::: PROVIDED DATA :::

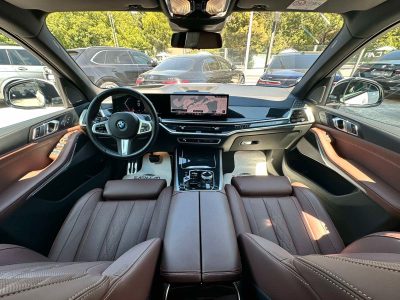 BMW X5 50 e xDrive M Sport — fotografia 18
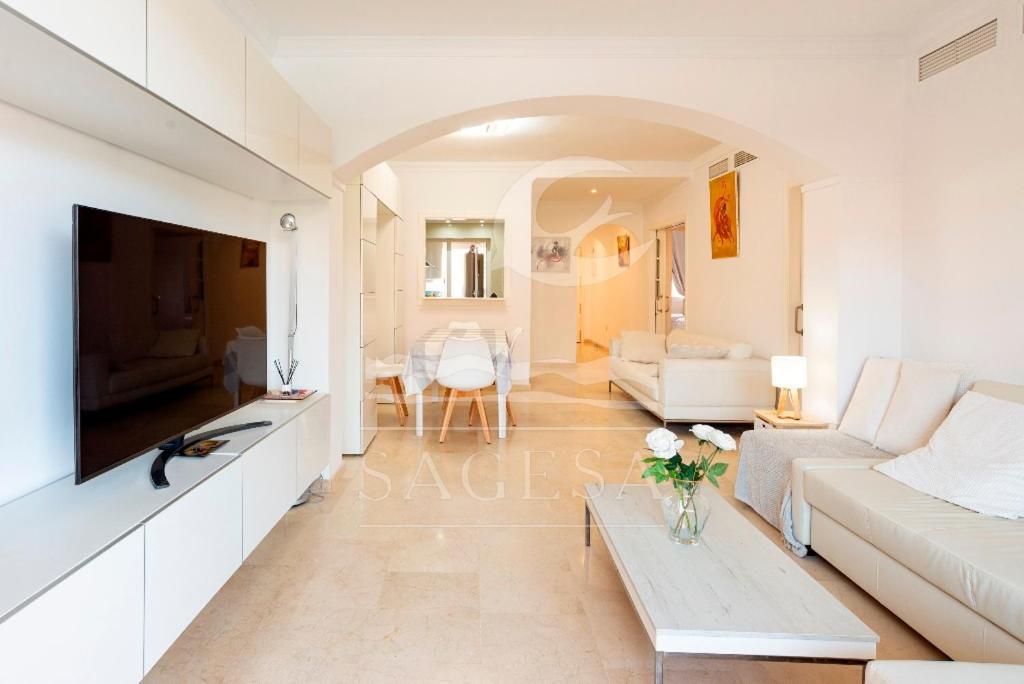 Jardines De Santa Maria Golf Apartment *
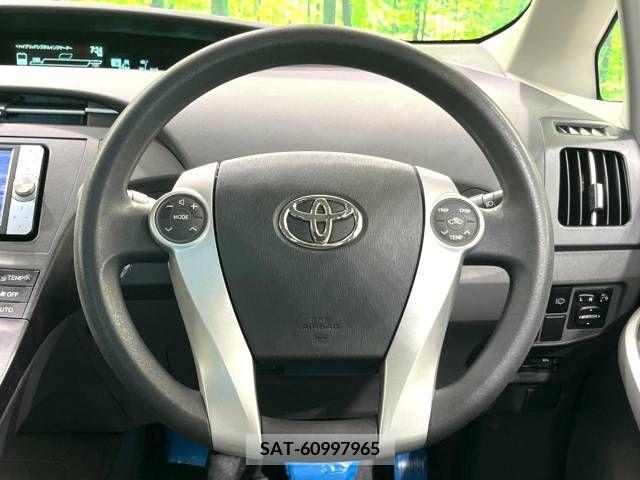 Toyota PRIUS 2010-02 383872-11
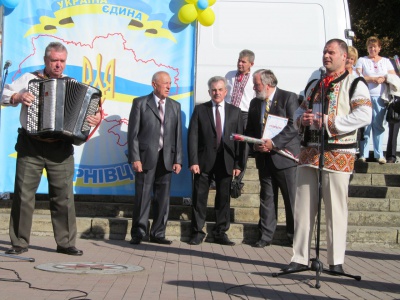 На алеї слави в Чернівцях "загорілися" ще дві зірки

:::
::: PROVIDED DATA :::

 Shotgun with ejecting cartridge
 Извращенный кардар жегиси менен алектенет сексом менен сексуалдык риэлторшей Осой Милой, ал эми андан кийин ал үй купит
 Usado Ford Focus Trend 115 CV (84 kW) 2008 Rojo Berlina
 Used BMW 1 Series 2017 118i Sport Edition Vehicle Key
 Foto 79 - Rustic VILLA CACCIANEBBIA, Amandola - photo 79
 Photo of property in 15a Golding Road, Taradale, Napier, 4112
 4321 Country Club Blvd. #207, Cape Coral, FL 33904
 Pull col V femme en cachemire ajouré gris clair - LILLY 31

:::
::: PROVIDED DATA :::

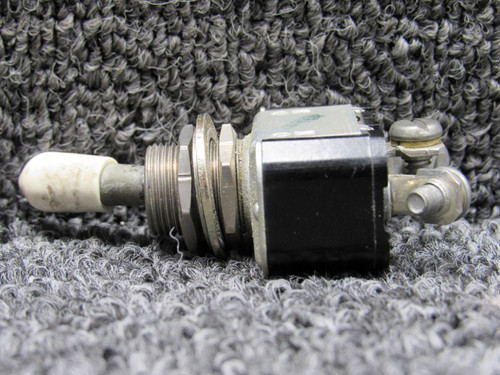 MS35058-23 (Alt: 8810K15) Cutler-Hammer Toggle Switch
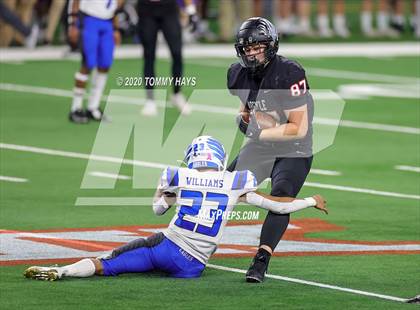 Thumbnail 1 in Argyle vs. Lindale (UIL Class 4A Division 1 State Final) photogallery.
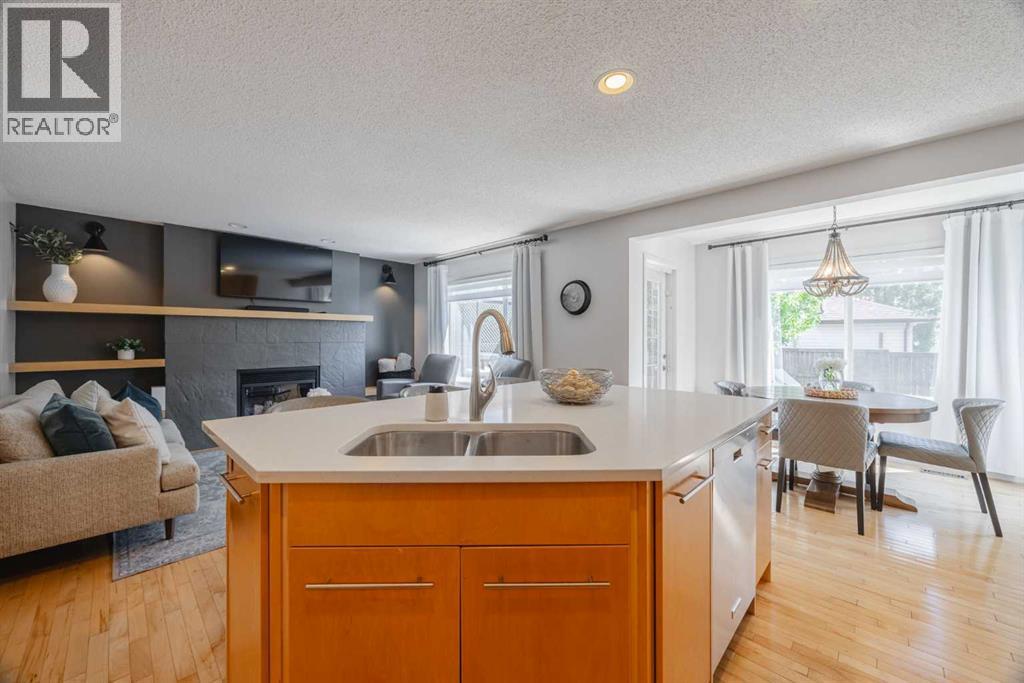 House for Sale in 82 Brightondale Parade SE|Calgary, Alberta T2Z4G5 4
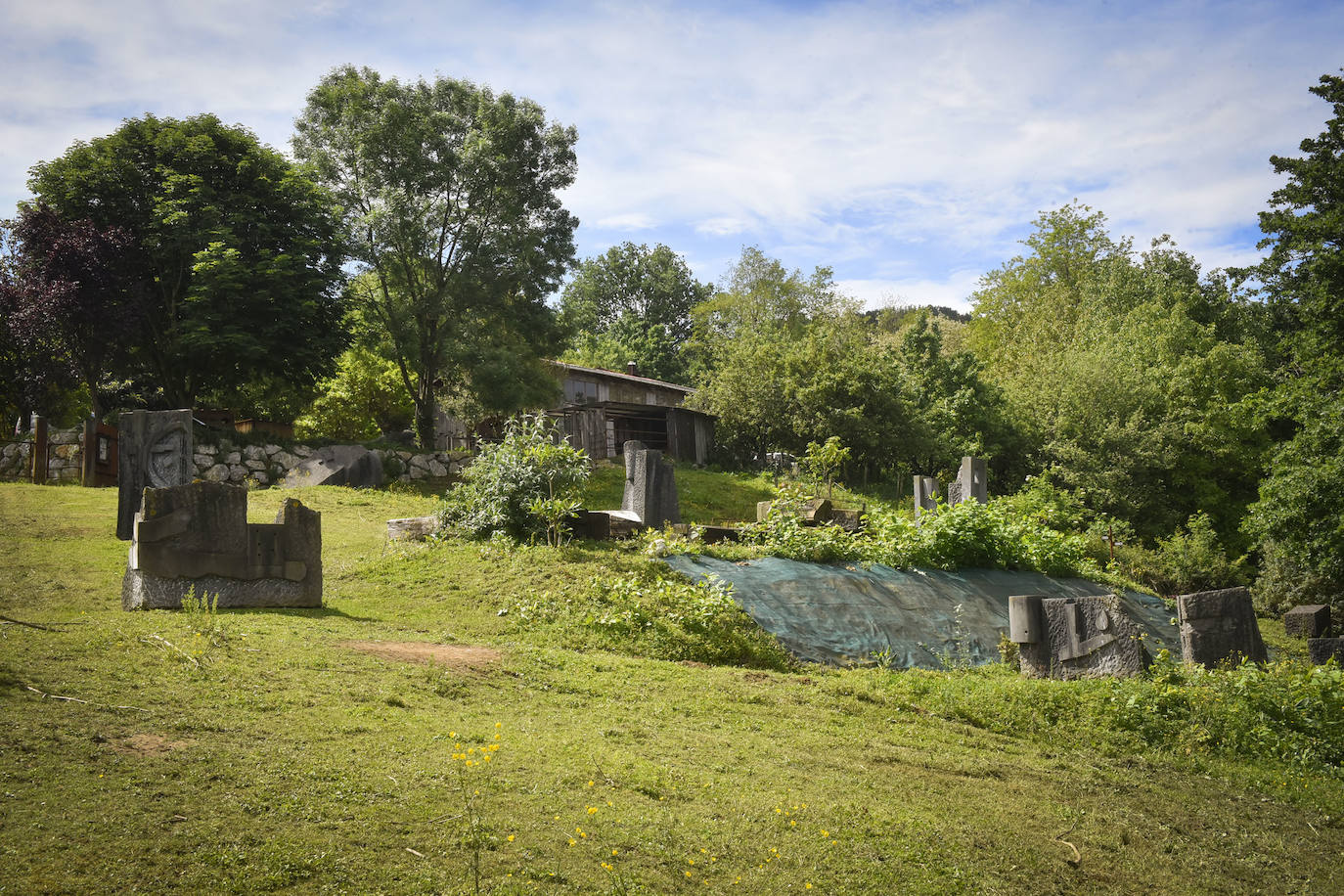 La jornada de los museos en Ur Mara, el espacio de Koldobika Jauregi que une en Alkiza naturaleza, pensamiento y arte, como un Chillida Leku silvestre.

:::

In the listing above, find the line containing "Thumbnail 1 in" and the line containing "La jornada de", then write out both of them and every line between, exactly, with no pictures.

 Thumbnail 1 in Argyle vs. Lindale (UIL Class 4A Division 1 State Final) photogallery.
 House for Sale in 82 Brightondale Parade SE|Calgary, Alberta T2Z4G5 4
 La jornada de los museos en Ur Mara, el espacio de Koldobika Jauregi que une en Alkiza naturaleza, pensamiento y arte, como un Chillida Leku silvestre.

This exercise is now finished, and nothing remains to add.